Article publié dans le n°1062 (01 juin 2012) de Quinzaines

Lobo Antunes nous plonge au cœur d’un univers dans lequel ne se trouve nul réconfort, où tout se perd dans les remous de consciences déchirées entre passé et présent, innocence et culpabilité. Augmentant encore sa puissance verbale, il pousse très loin le démantèlement du langage pour dire la violence omniprésente et la perte radicale qui destine les êtres à s’égarer éternellement.
Antonio Lobo Antunes
La nébuleuse de l'insomnie
Lobo Antunes nous plonge au cœur d’un univers dans lequel ne se trouve nul réconfort, où tout se perd dans les remous de consciences déchirées entre passé et présent, innocence et culpabilité. Augmentant encore sa puissance verbale, il pousse très loin le démantèlement du langage pour dire la violence omniprésente et la perte radicale qui destine les êtres à s’égarer éternellement.
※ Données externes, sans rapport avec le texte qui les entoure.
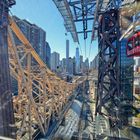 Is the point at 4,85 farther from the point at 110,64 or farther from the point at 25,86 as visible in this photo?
the point at 110,64

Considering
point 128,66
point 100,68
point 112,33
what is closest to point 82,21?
point 112,33

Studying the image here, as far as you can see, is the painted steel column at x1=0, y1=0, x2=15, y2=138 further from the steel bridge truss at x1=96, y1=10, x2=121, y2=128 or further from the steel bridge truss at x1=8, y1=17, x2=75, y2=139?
the steel bridge truss at x1=96, y1=10, x2=121, y2=128

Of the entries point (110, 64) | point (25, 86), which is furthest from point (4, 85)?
point (110, 64)

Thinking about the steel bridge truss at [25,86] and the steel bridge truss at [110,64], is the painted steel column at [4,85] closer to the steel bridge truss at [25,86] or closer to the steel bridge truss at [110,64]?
the steel bridge truss at [25,86]

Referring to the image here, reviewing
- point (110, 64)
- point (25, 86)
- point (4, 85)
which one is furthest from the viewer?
point (110, 64)

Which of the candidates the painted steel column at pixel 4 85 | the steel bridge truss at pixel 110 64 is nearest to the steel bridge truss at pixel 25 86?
the painted steel column at pixel 4 85

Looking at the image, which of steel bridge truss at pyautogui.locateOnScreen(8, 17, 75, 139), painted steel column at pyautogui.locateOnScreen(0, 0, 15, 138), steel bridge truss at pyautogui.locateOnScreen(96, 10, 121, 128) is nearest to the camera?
painted steel column at pyautogui.locateOnScreen(0, 0, 15, 138)

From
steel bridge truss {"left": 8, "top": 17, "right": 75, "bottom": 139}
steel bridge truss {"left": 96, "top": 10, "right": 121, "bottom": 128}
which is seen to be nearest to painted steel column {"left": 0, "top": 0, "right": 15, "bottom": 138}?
steel bridge truss {"left": 8, "top": 17, "right": 75, "bottom": 139} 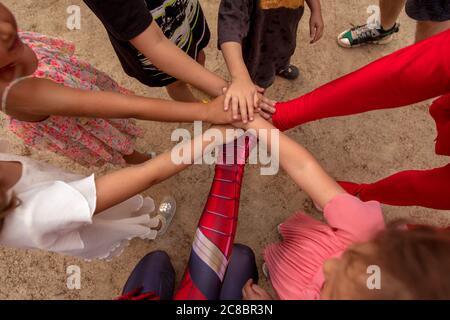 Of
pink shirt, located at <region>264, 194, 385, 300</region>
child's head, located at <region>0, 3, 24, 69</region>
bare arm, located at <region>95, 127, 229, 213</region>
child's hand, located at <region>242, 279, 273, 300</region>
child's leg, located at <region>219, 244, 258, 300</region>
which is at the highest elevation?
child's head, located at <region>0, 3, 24, 69</region>

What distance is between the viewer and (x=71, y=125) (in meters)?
0.93

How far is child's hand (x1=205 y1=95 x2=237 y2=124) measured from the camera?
A: 894mm

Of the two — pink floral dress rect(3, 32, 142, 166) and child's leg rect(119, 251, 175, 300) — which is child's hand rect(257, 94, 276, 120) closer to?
pink floral dress rect(3, 32, 142, 166)

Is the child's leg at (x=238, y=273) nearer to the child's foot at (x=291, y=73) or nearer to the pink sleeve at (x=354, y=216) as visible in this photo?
the pink sleeve at (x=354, y=216)

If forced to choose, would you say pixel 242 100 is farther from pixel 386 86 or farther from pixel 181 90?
pixel 181 90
Le dernier roman de Lobo Antunes semble se rétracter, se ramasser autour d’une voix plus singulière et d’un lieu, entre incarnation et abstraction, qui semblent, dans un même mouvement, dévorer le temps, l’espace et les êtres qui hantent le monde plus qu’ils ne le peuplent. Tout semble devoir y disparaître lentement, ruiné. Tout revient à la primordialité, l’élémentaire, la sauvagerie essentielle. La Nébuleuse de l’insomnie tourne autour d’un « domaine mort », vaste propriété agricole fondée par un homme brutal et autoritaire qui ne finit pas de perdre sa splendeur et s’étiole, désormais à l’abandon, n’en finissant pas de s’écrouler. En ces lieux jadis prospères et fertiles, « tout est vieux même les arbres au-dehors, l’immobilité des milans, le même vent et les mêmes sons », il y règne « ce silence qui stagne, les heures qui se répètent sans jamais avancer » et qui enclôt dans une inaltérable répétition ceux qui y survivent, égarés entre la nostalgie de ce qu’ils ont pu être et le ressassement de leur fautes impardonnables.

Sur ces terres, enfermée dans ce domaine, comme coupée du monde extérieur, a vécu une famille, ou plutôt une tribu, anciennement puissante et désormais reléguée à sa propre nullité et confrontée à sa disparition lente et douloureuse, dont seuls demeurent quelques membres fantomatiques et impuissants. Traversant le temps, faisant fi de qui est vivant ou mort, puisque cela ne semble pas avoir grande importance, tant les époques se mêlent dans le discours que l’on essaie de suivre en tâtonnant pendant de longues périodes, apparaissent et disparaissent tous les habitants du domaine qui semblent devoir sans fin expier la honte qui les ronge dans le silence brûlant.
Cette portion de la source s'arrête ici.